TASK PROMPT >>
Leaving out all pictures, transcribe the lines below exactly, from the first through the line containing "Mid-Back PU Leather".

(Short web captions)
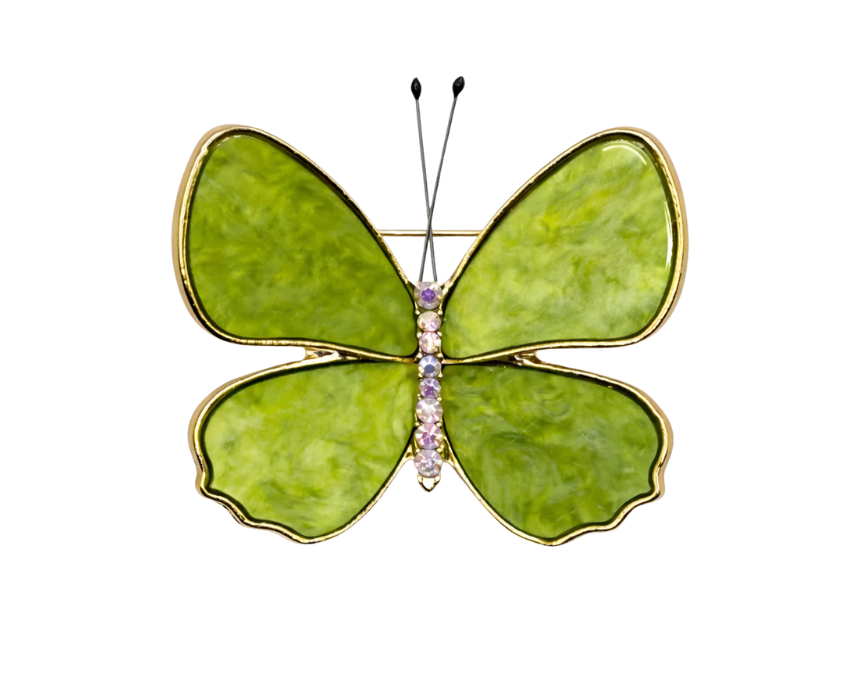 puzzle games, construction toys, educational toys, model building, creative hobbies, brain teaser, family activities, collectible decor Lime Marble Butterfly Brooch Crystal And Gold Statement Pin - Image 1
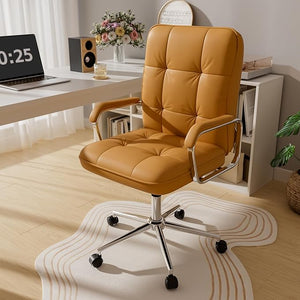 Mid-Back PU Leather Office Chair with Swivel & Padded Arms
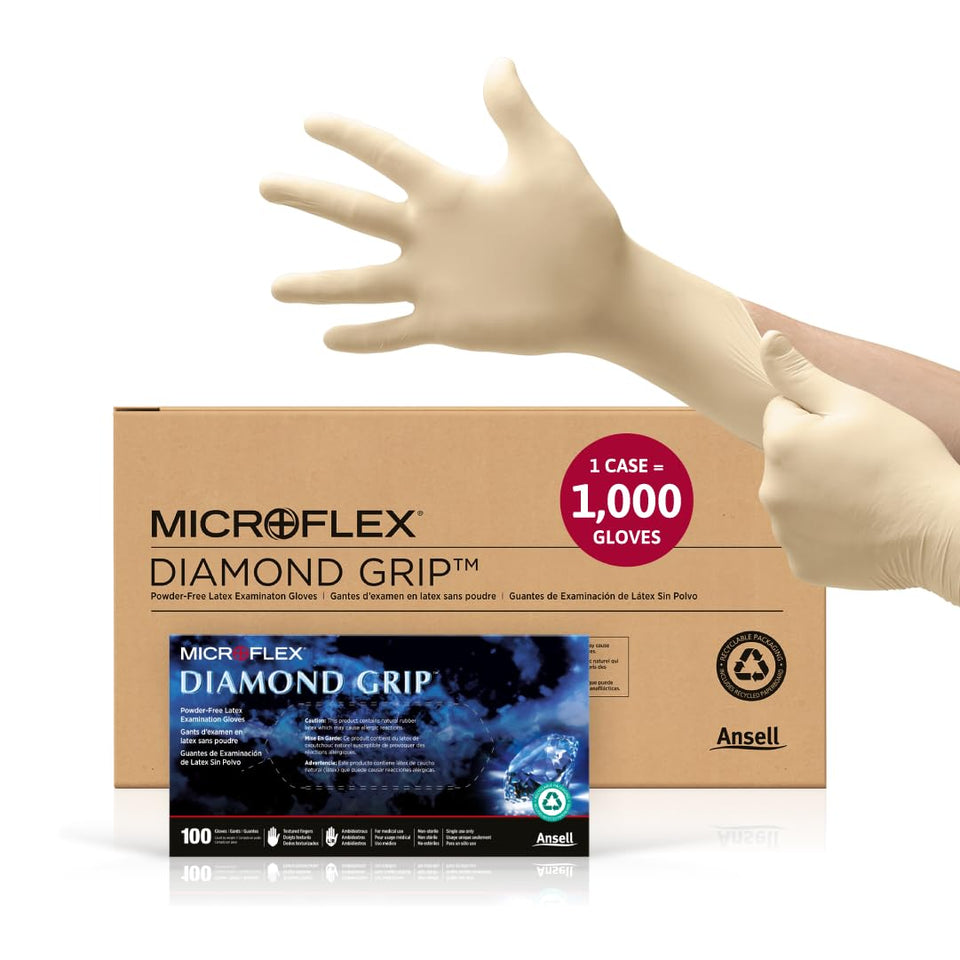 Ansell Microflex Diamond Grip MF-300 gloves with textured fingertips for secure grip in oily tasks.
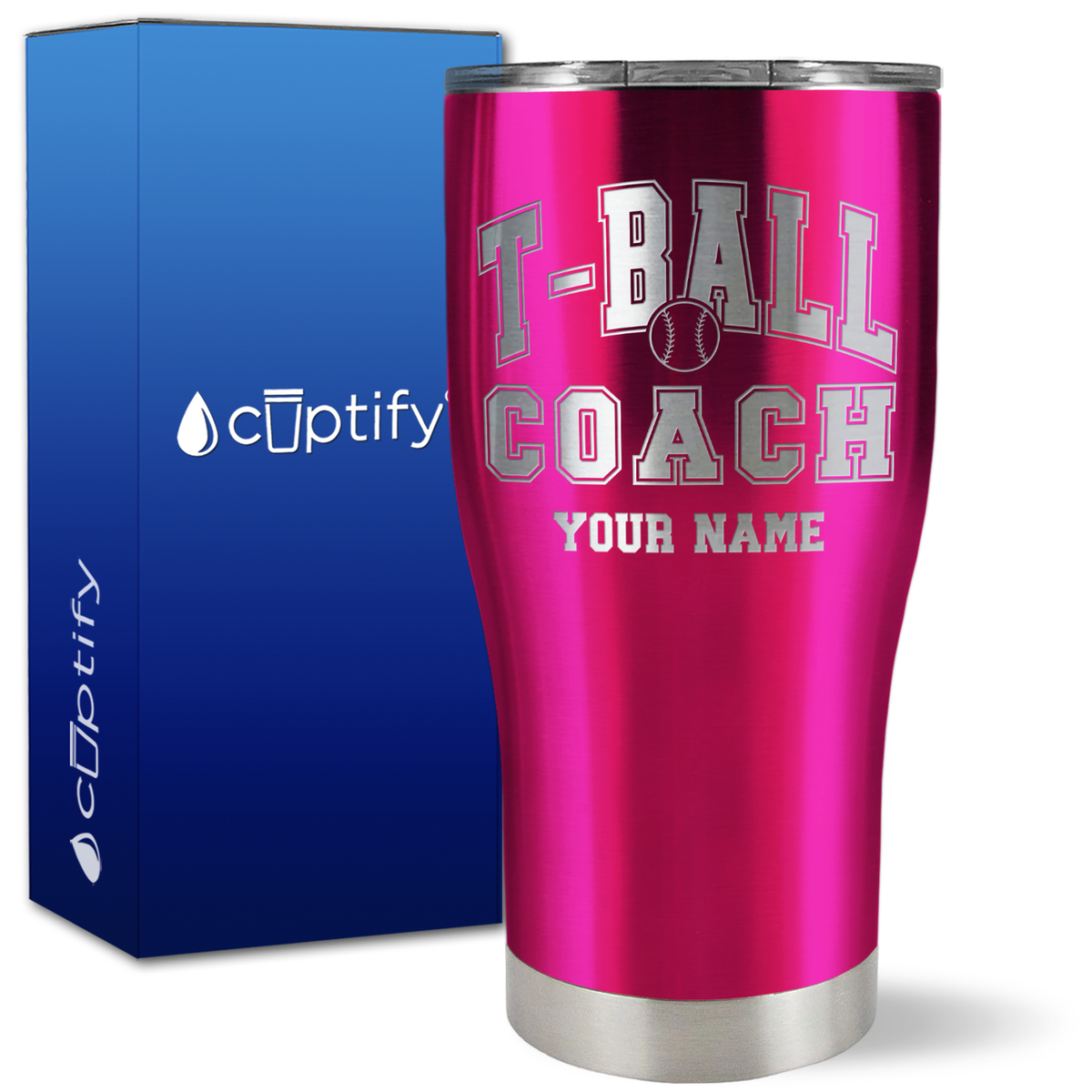 Personalized T-Ball Coach on 27oz Curve Tumbler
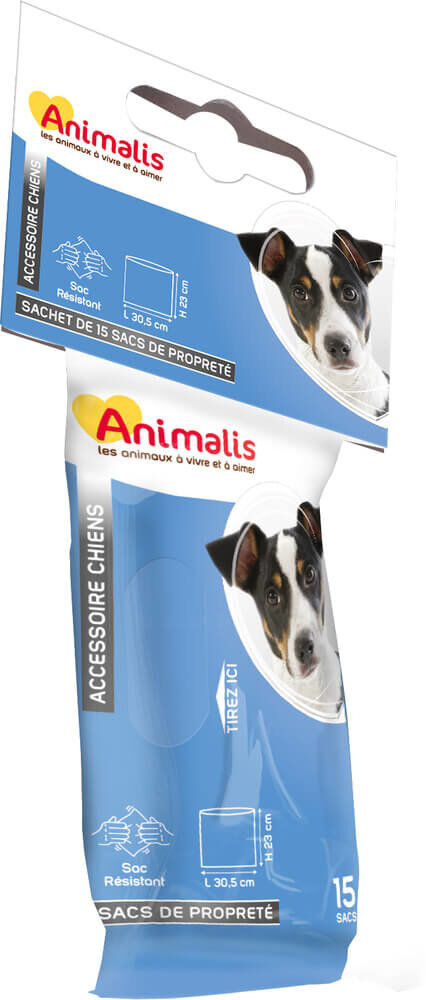 Animalis - Sachet Nomade de Sacs Propret&eacute; pour Chien - 15 sacs Image num&eacute;ro 1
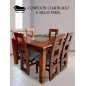 Comedor Cuadrado 6 sillas Estilo Paris Tablon solido Moderno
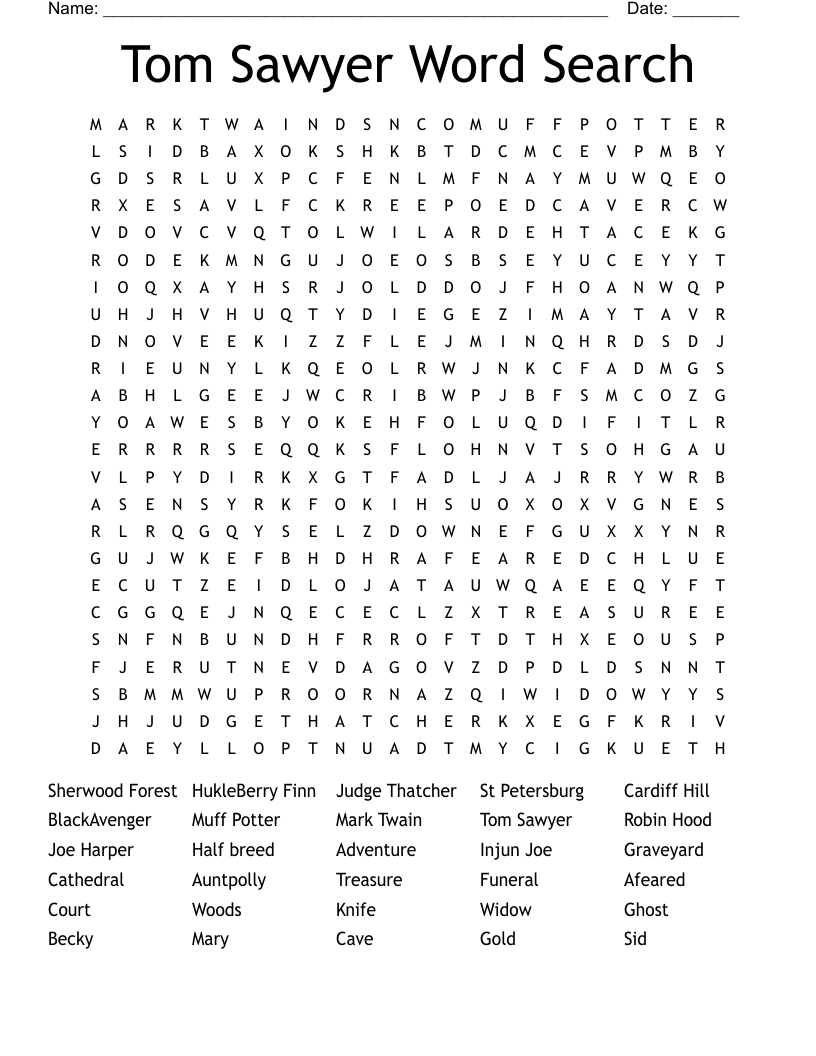 Tom Sawyer Bingo Cards WordMint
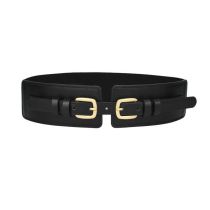 Fashion Black Wide Belt With Metal Buckle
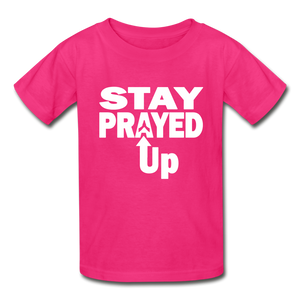 Stay Prayed Up Gildan Ultra Cotton Youth T-Shirt - fuchsia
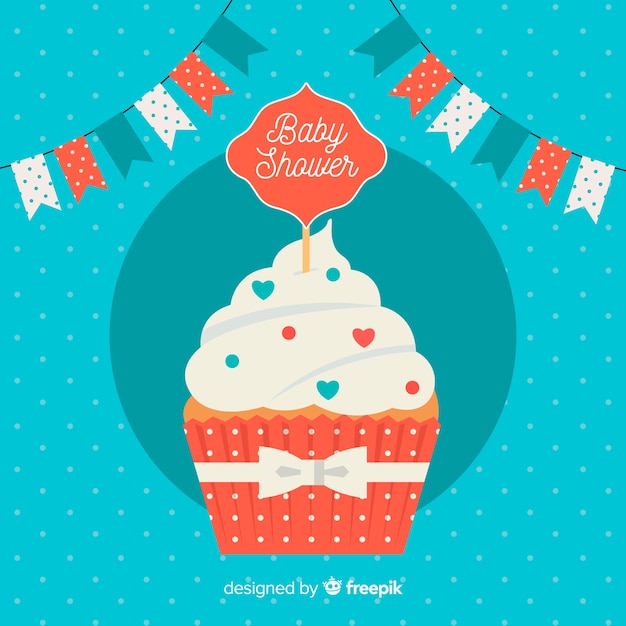 Linda plantilla de baby shower con dulce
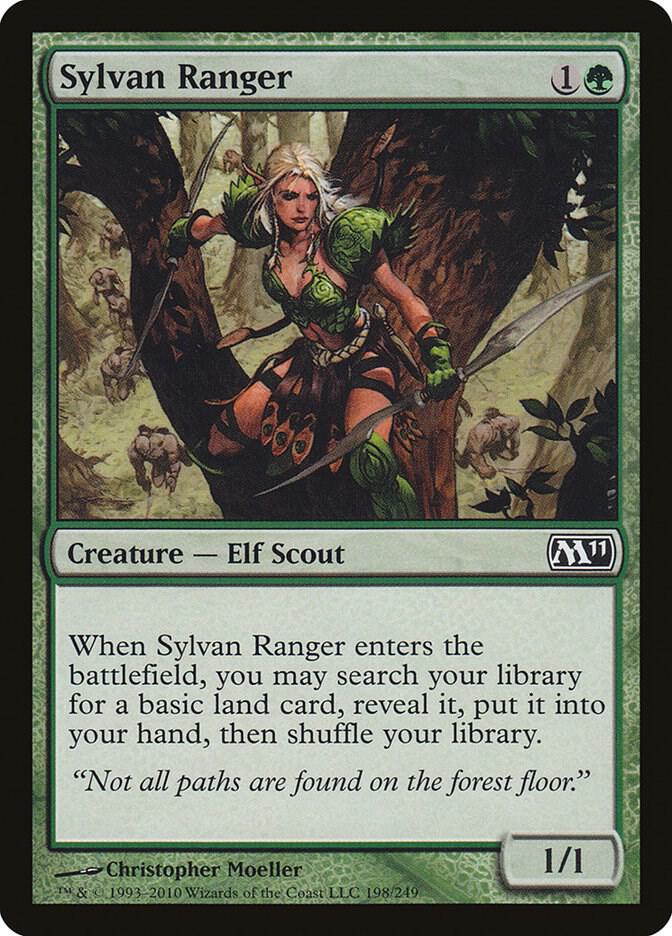 Sylvan Ranger 198 card from Magic 2011 (M11)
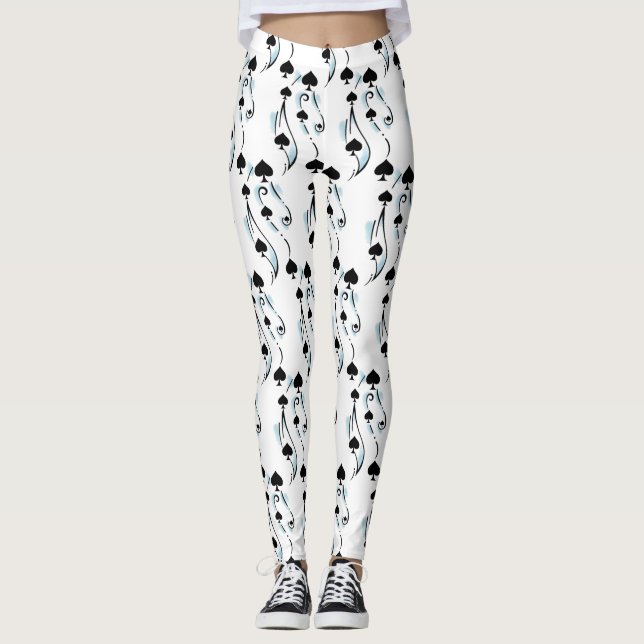 Svart spader Tatto Stil Thunder_Cove Leggings (Framsida)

SOLUTION TO THIS PROBLEM >>
 puzzle games, construction toys, educational toys, model building, creative hobbies, brain teaser, family activities, collectible decor Lime Marble Butterfly Brooch Crystal And Gold Statement Pin - Image 1
 Mid-Back PU Leather Office Chair with Swivel & Padded Arms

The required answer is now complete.